This is an old revision of the document!

VIAN-DH

VIAN-DH is web-based software for multimodal corpora. It is a part of LiRI Corpus Platform (LCP), specializing in audio-visual language resources.

Corpora stored in VIAN-DH containing different types of annotations. To name some of them, annotations can include speech transcript, part-of-speech annotation and other kinds of labels marking embodied communication, such as gestures or facial epressions, or document segmentation such as scene for film, turn for conversations, or experiment phase for various experimental settings. This is not an exghaustive list, and the scope of annotations varies from one corpus of another.

VIAN-DH Data structure

VIAN-DH allows for different types of alignment. Primary types are:

time-frame alignment for any annotations linked to the time or frame stream
text-alignment referring to continuous stream of characters for annotations referring to textual content, such as part-of-speech, named-entity-recognition, etc.
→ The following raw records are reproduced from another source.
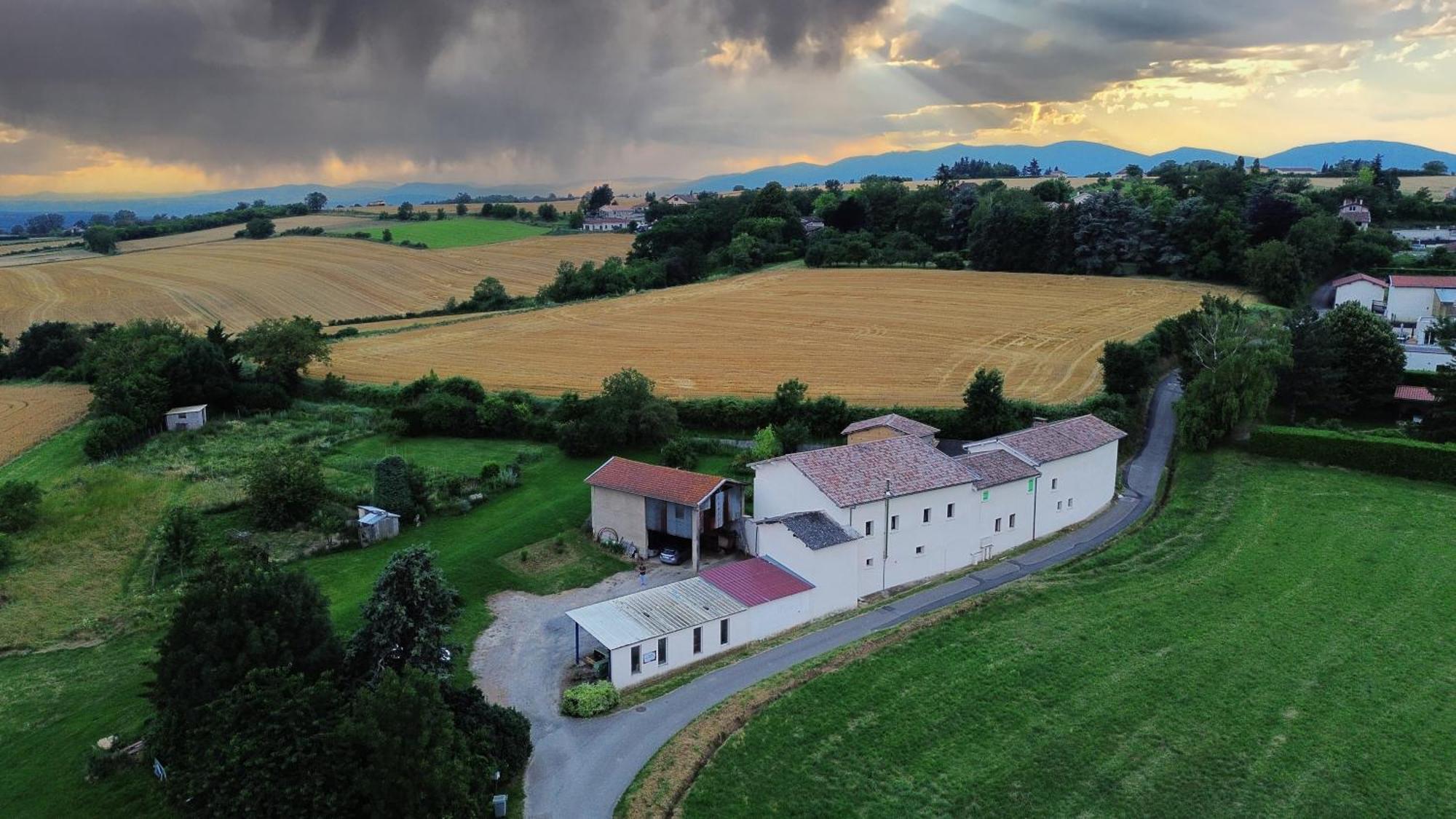 La Ferme Des Cerisiers Bed and Breakfast Reventin-Vaugris Buitenkant foto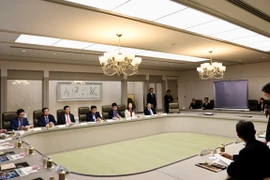 阮志勇副总理会见名古屋市长广泽一郎。图自越通社
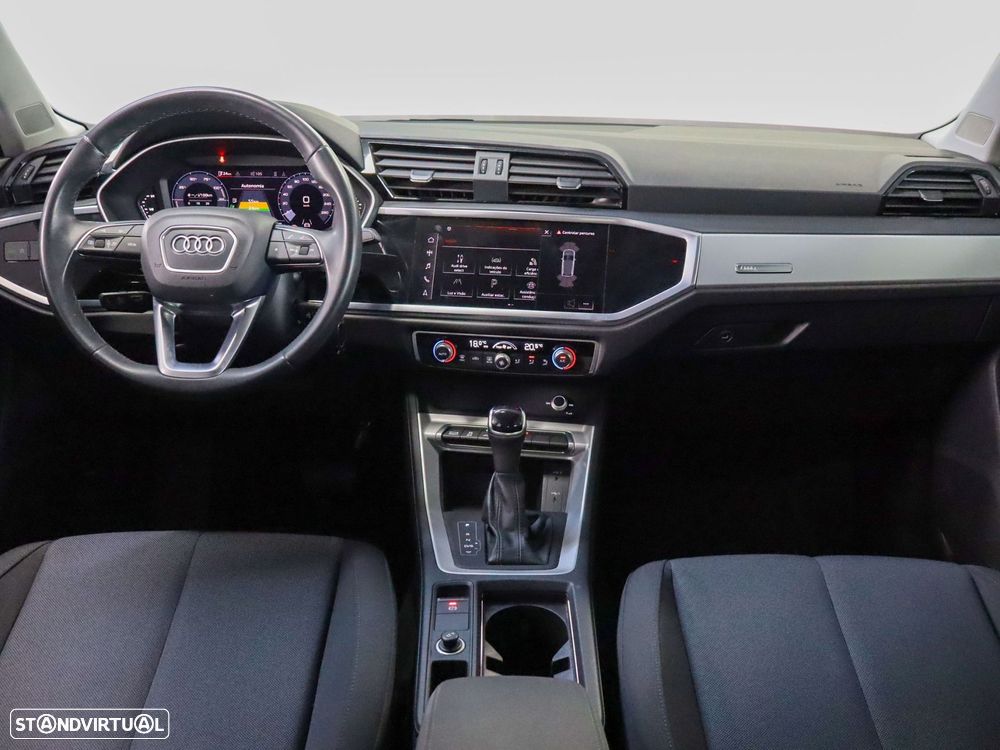 Audi Q3 45 TFSIe S tronic - 11
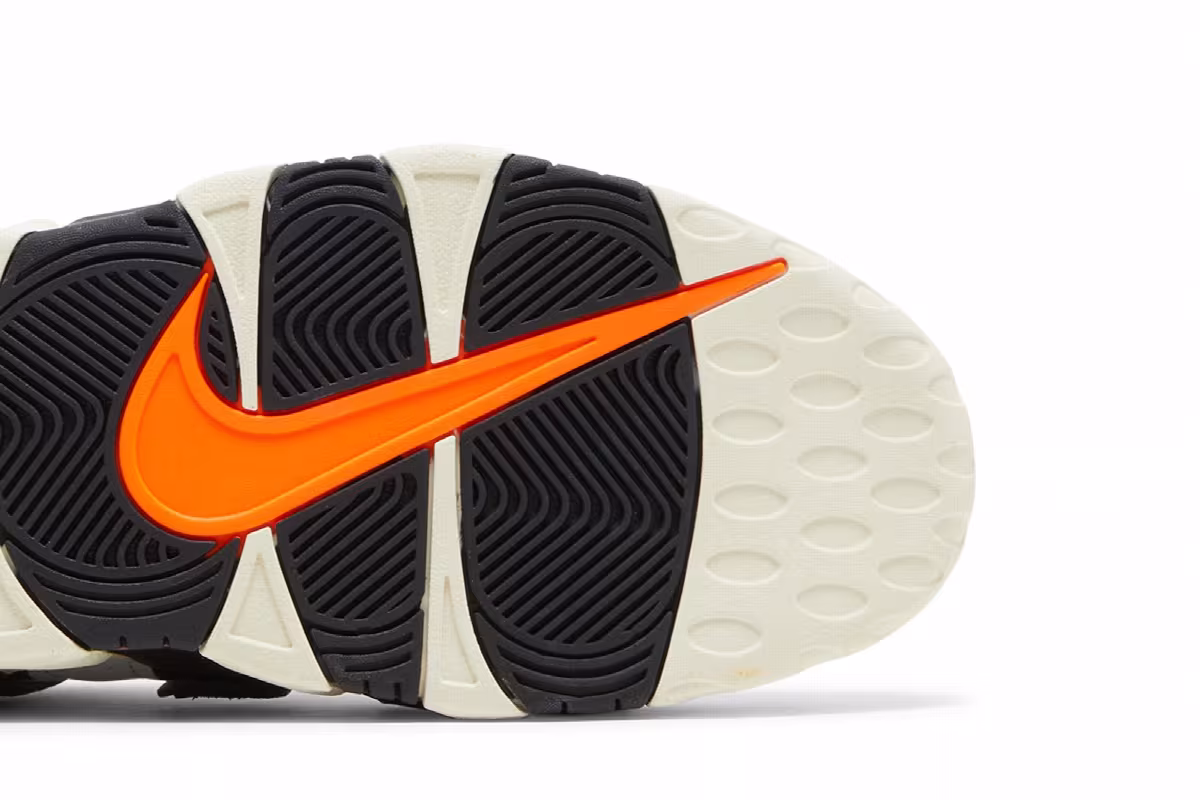 Nike Air More Uptempo Hoops, view 6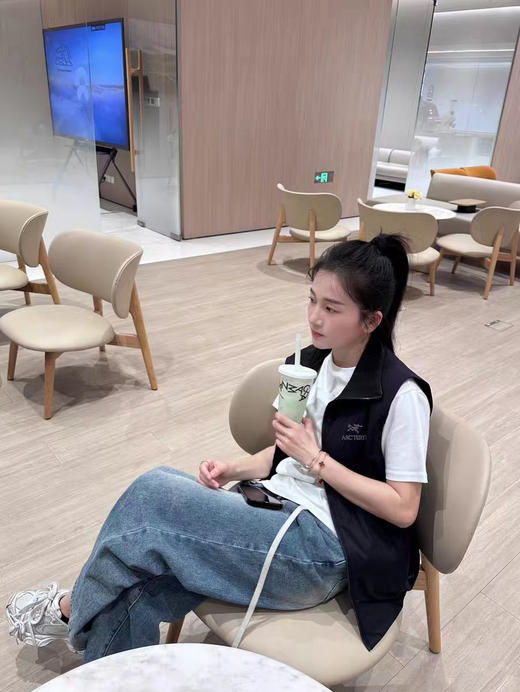 始祖鸟阿童木棉服马甲男女同款。自己备注号码 商品图3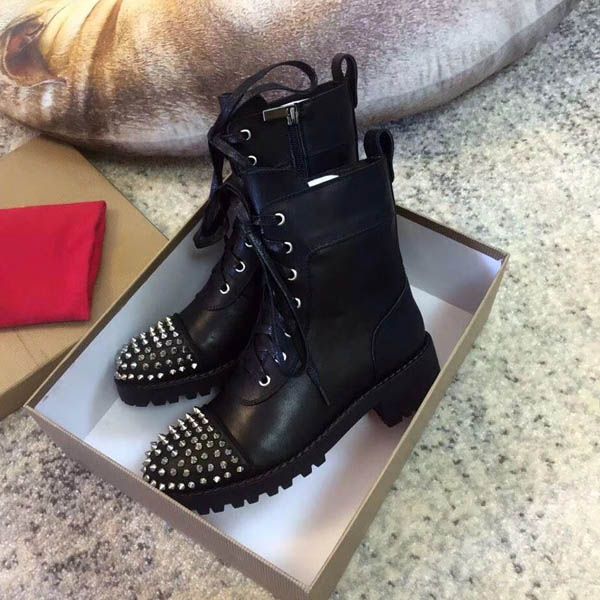riveted socks, boots, black flat heels, ankles, boots, scarves inlaid with fashion designer women's boots and original boxes
riveted socks, boots, black flat heels, ankles, boots, scarves inlaid with fashion designer women's boots and original boxes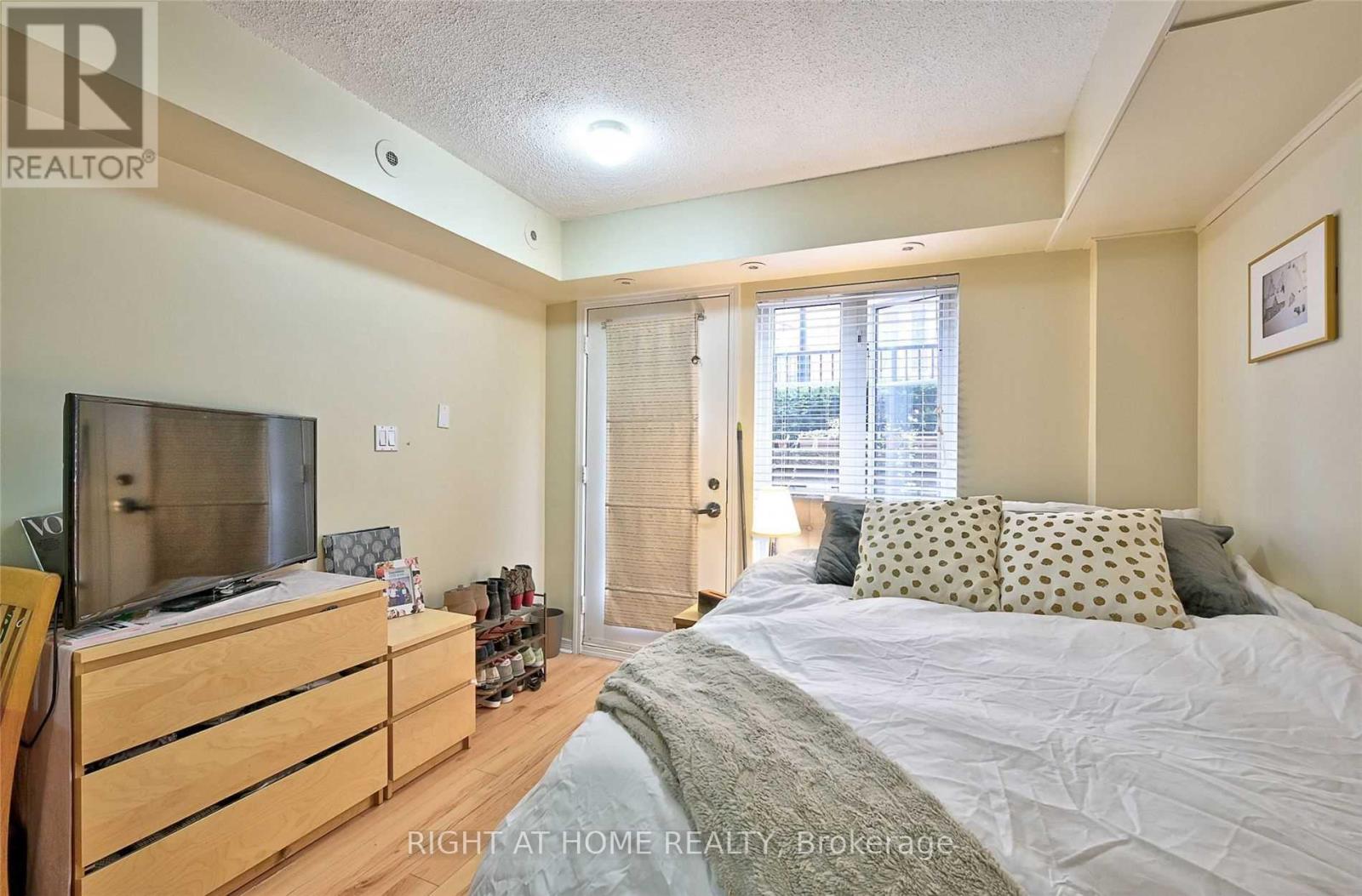 211 - 26 Western Battery Road, Toronto, Ontario  M6K 3N9 - Photo 4 - C12565236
Any annotation can have multiple alignment to both of these streams by marking its start and end position/index, e.g., a sentence can have a start and end time and a start and end character. See the image below for a graphical representaiton of data being linked to multiple alignement streams. Note how each annotation track (gestures, utterances, tokens, named entities and constituents) are linked to both time and text stream (utterances), or either text stream (tokens, named entities and constituents), or time stream (gestures). In case of video, time stream also refers to frame stream - since each video has a specific frame rate.